I'm moving from Central California by the end of summer and I'm looking for a decent place to work. So far I have applied at MedStar and was looking at CareFlite. 

I'm coming from a single-medic 911 system, and I have plenty of experience. Anyone have any pointers on what's a decent place? Also, any suggestions on areas to live?

Thanks!


----------



## usalsfyre (Apr 23, 2011)

Either place has a good reputation, Careflite is mainly IFT but runs back-up 911 to Dallas Fire.


----------



## SeanEddy (Apr 23, 2011)

Yea I noticed that after looking through CareFlite's website. I'm mainly looking to work 911 (aren't we all), but I guess I'll have to see what I can get. 

I'm liking the way MedStar looks.


----------



## Mike Honcho (Apr 26, 2011)

Careflite does 911 in Balch Springs, Ferris, Ellis Co, Johnson Co, and Hill Co. If you work on an ALS IFT truck you will get to do a lot of 911 back up. Obviously fulltime in these spots comes with time, but posting in a 911 area mixed in with your normal transfers is nice. Careflite pays the best, and treats you great.


----------



## tssemt2010 (May 8, 2011)

after looking into both companies i looked into medstars protocols, they run non emergency to the hospital with full arrest patients, i understand not wanting to mess up the tube placement but it is also critical to get patients into a hospital setting ASAP under those circumstances


----------



## MrBrown (May 9, 2011)

tssemt2010 said:


> after looking into both companies i looked into medstars protocols, they run non emergency to the hospital with full arrest patients, i understand not wanting to mess up the tube placement but it is also critical to get patients into a hospital setting ASAP under those circumstances



HAHAHAHAHAHAHAHAAHAHAHAHAHAH ROFPMSLMAO

Oh wait, you were serious? 

*super mega hella gangsta bigass facepalm


----------



## sir.shocksalot (May 9, 2011)

tssemt2010 said:


> after looking into both companies i looked into medstars protocols, they run non emergency to the hospital with full arrest patients, i understand not wanting to mess up the tube placement but it is also critical to get patients into a hospital setting ASAP under those circumstances


Any progressive service I know doesn't even transport codes unless its a penetrating trauma with signs of life U/A.
I am also guessing that such a protocol isn't in place to ensure accurate tube placement, I'm guessing it's a safety thing.
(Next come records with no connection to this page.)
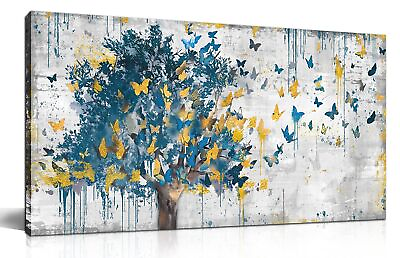 #ad Large Canvas Wall Art Blue Tree Golden Butterflies Picture Abstract Grey Graf $76.54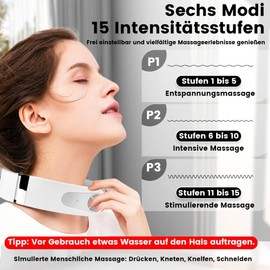 Neck Massager, Intelligent Voice Prompts, Neck Massager with 42°C Heat Therapy, 5 Modes, 15 Intensity Levels, Portable Electric Massager for Home, Office, Travel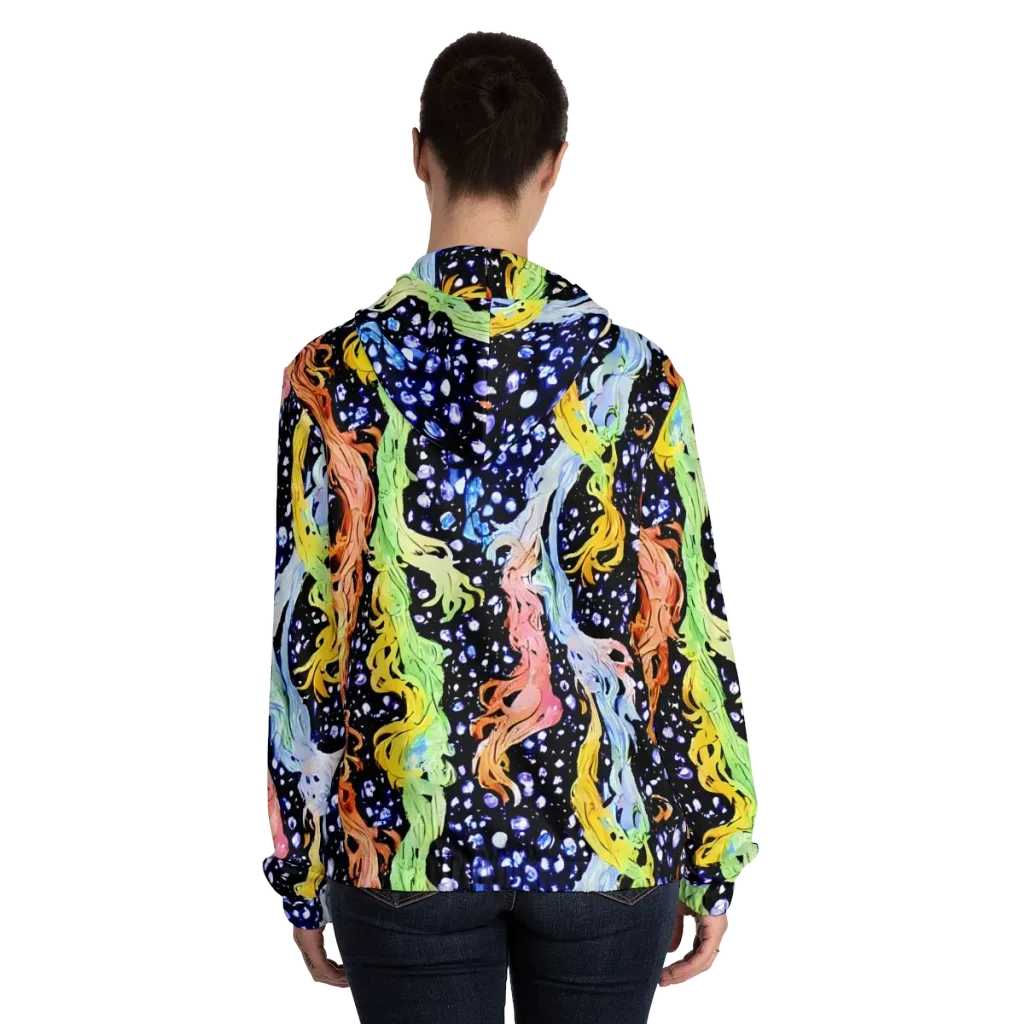 Celestial Serenade on Women's Full-Zip Hoodie — Back On Person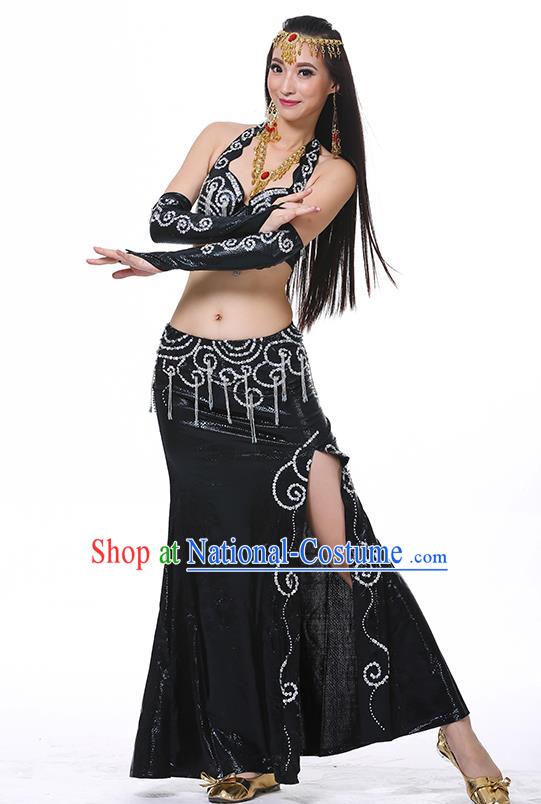 Traditional Oriental Dance Performance Black Dress Indian Belly Dance Costume for Women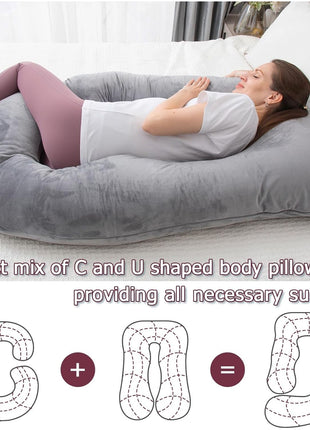 MOON PINE Pregnancy Pillow, U Shaped Full Body Pillow for Maternity Support, Sleeping Pillow with Cover for Pregnant Women (Dark Grey)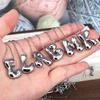 A-Z Balloon Bubbles 26 Letter Silver Color Neckalce Chunky Initial Alphabet Clavicle Choker Delicate Jewelry Gift for Her Joias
Early CPR and rapid defib saves arrest patients, not rapid transport to the ER. Plus I know when I work codes in the back there is no seat belts on and we are running red lights, thats a recipe for a lot of dead paramedics in the event of a car accident.


----------



## STXmedic (May 9, 2011)

tssemt2010 said:


> after looking into both companies i looked into medstars protocols, they run non emergency to the hospital with full arrest patients, i understand not wanting to mess up the tube placement but it is also critical to get patients into a hospital setting ASAP under those circumstances



About the ONLY thing we transport code is patients that have impending respiratory failure in which we can not secure an airway. There may be other situations, but it is still a very uncommon practice for us. Rarely does a cardiac arrest get transported, and ROSC pts go without L&S. I've transported L&S only twice in the last year.


----------



## tssemt2010 (May 9, 2011)

sir.shocksalot said:


> Any progressive service I know doesn't even transport codes unless its a penetrating trauma with signs of life U/A.
> I am also guessing that such a protocol isn't in place to ensure accurate tube placement, I'm guessing it's a safety thing. Early CPR and rapid defib saves arrest patients, not rapid transport to the ER. Plus I know when I work codes in the back there is no seat belts on and we are running red lights, thats a recipe for a lot of dead paramedics in the event of a car accident.



i know our ambulances where i work all have seatbelts but we also have the lucas device on all of your trucks now too, i did read that it was a combination of factors for the protocol, accidents being one of them, tube placement also had something to do with it and so did chest compressions which is all understandable, maybe im just used to transporting priority 1 with cpr in progress patients


----------



## usalsfyre (May 9, 2011)

tssemt2010 said:


> maybe im just used to transporting priority 1 with cpr in progress patients









Never stop examining best practices. It may indeed be important to get a very small, very select group of patients to the hospital quickly. Run of the mill cardiac arrest are not one of these groups.


----------



## tssemt2010 (May 9, 2011)

usalsfyre said:


> Never stop examining best practices. It may indeed be important to get a very small, very select group of patients to the hospital quickly. Run of the mill cardiac arrest are not one of these groups.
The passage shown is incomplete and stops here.